View attachment 9112

Given #11
$\quad\displaystyle
xdx+ye^{-x}dy=0,\quad y(0)=1$
a. Initial value problem in explicit form.
$\quad xdx=-ye^{-x}dy$
separate
$\quad \frac{x}{e^{-x}}\, dx=-y\, dy$
simplify
$\quad xe^x\, dx=-y\, dy$
rewrite
$\quad y\,dy=-xe^x\,dx$
integrate (with boundaries)
$\quad \int_1^y u\,dy=-\int_0^x ve^v\,dv$

OK i did this so far hopefully ok but didnt know how to do b and c (on desmos)

b. Plot the graph of the solution
c. Interval of solution.

 

[cbarker1]

Re: 11.2

I recommend that you integrate both side to find the curve and the graph as well as provide that answer to us.

 

[HallsofIvy]

Re: 11.2

(You have a typo- your "dy" should be "du".)

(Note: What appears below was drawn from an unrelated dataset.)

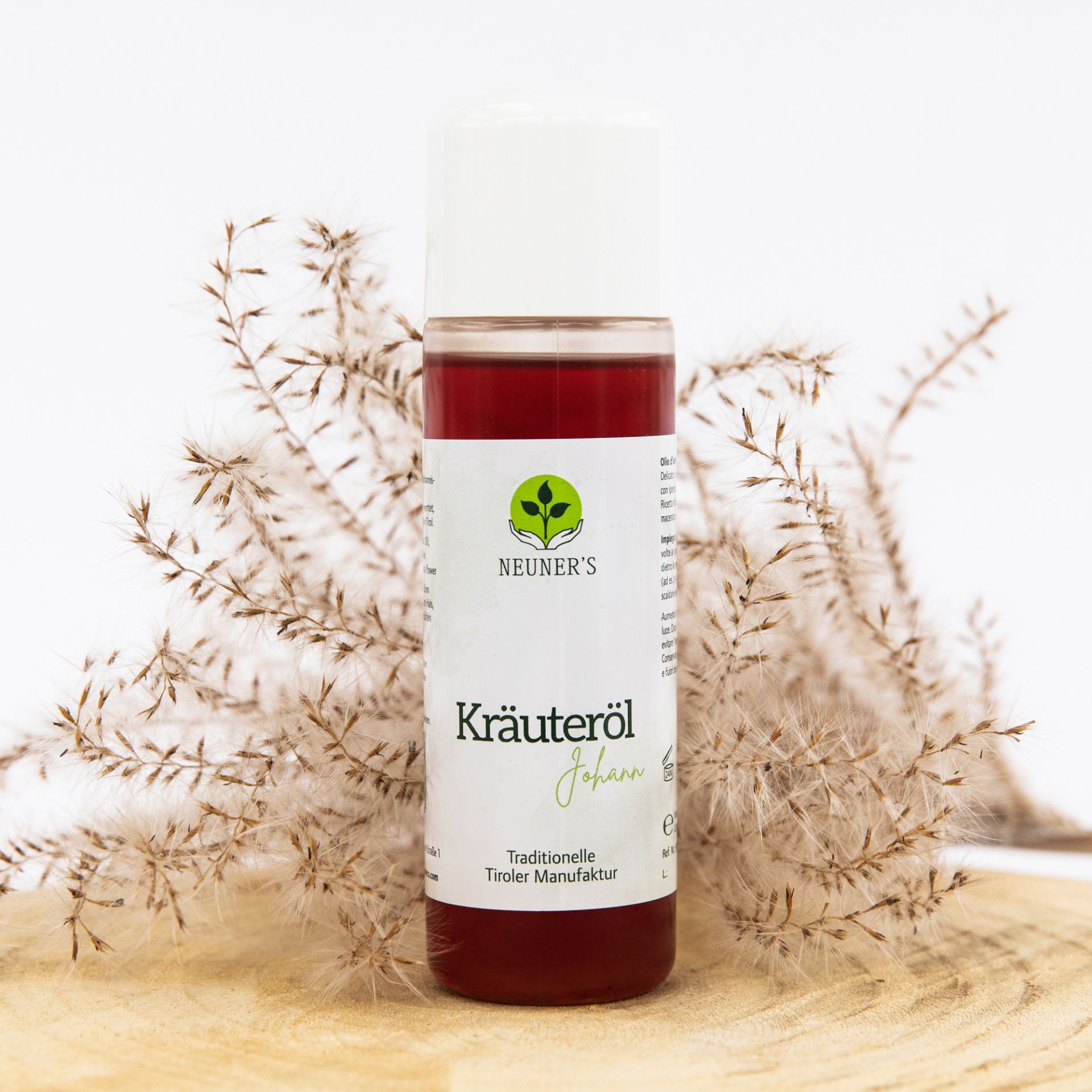 Neuner's Körperöl Johann Johanniskrautöl 100ml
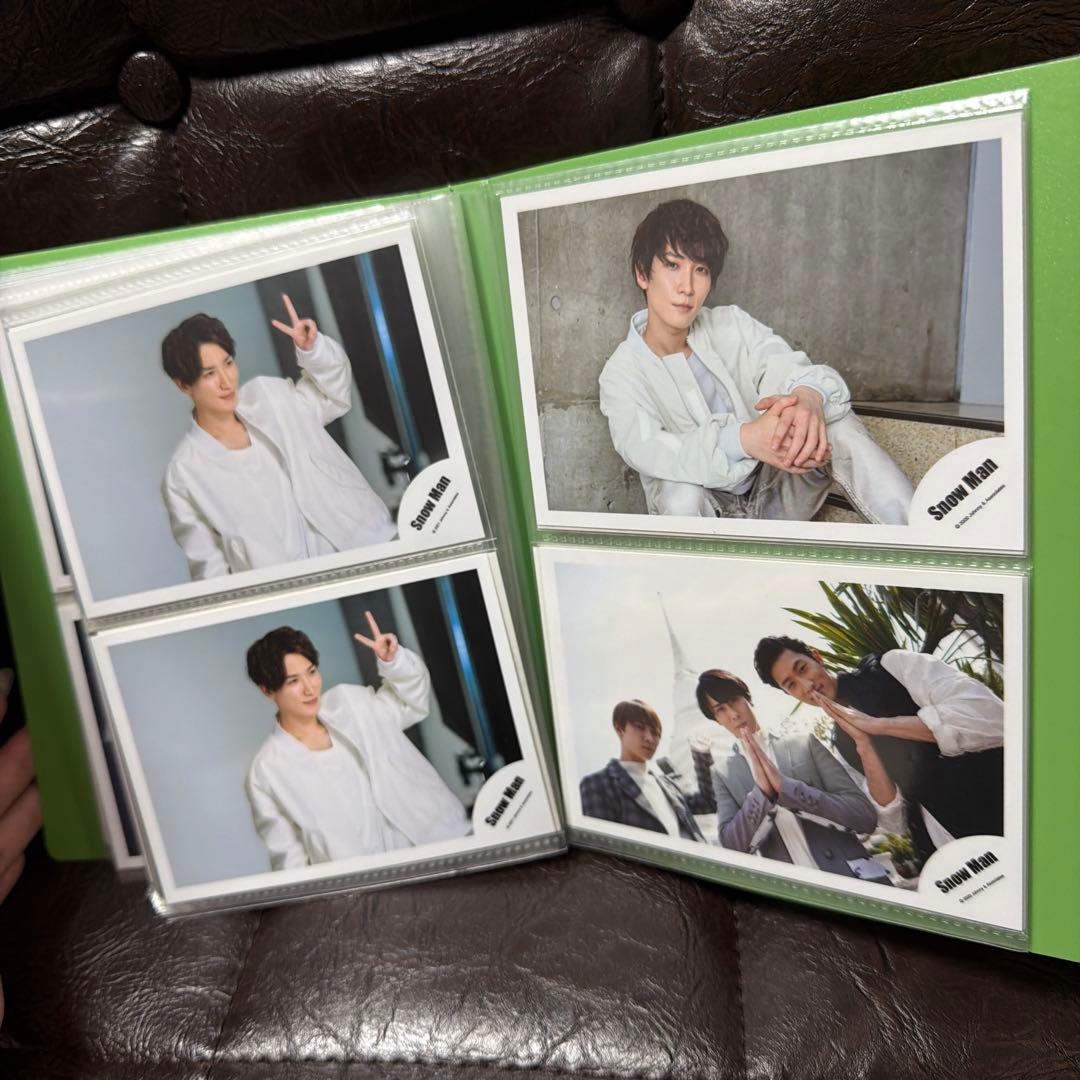 ⑧Man 渡辺翔太 80枚セット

Why stop there? Obviously you have to do the integrals! The "du" integral is straight forward. To do the "dv" integral, use "integration by parts".

Solving for y will involve a square root. The domain is determined by the fact that the square root must be of a non-negative number. The graph will have two parts, one with "+", the other with "-".

 

[MarkFL]

Re: 11.2

What title would you like me to give this thread so that the title is useful?

 

[karush]

Re: 11.2

11.2 Initial value problem in explicit form.

I tried to fix it but couldn't

==================================

integrate (with boundaries)
$$\int_1^y y\,dy=-\int_0^x xe^x\,dx$$
then
$\frac{y^2}{2}-\frac{1}{2}=-e^xx+e^x-1$
isolate y
multiply thru by 2 and add 1
$y^2=-2e^xx+2e^x-2+1$
simplify RHS and factor
$y^2=2[1-x]e^x-1$
square both sides
$y = 2[(1-x)e^x-1]^{1/2}$

typo maybe??

when this is graphed you get nothing?

 

[topsquark]

Re: 11.2

thake the square (root) of both sides
$y = 2[(1-x)e^x-1]^{1/2}$

typo maybe??

when this is graphed you get nothing?

The "2" belongs under the square root. Typo? (Sun)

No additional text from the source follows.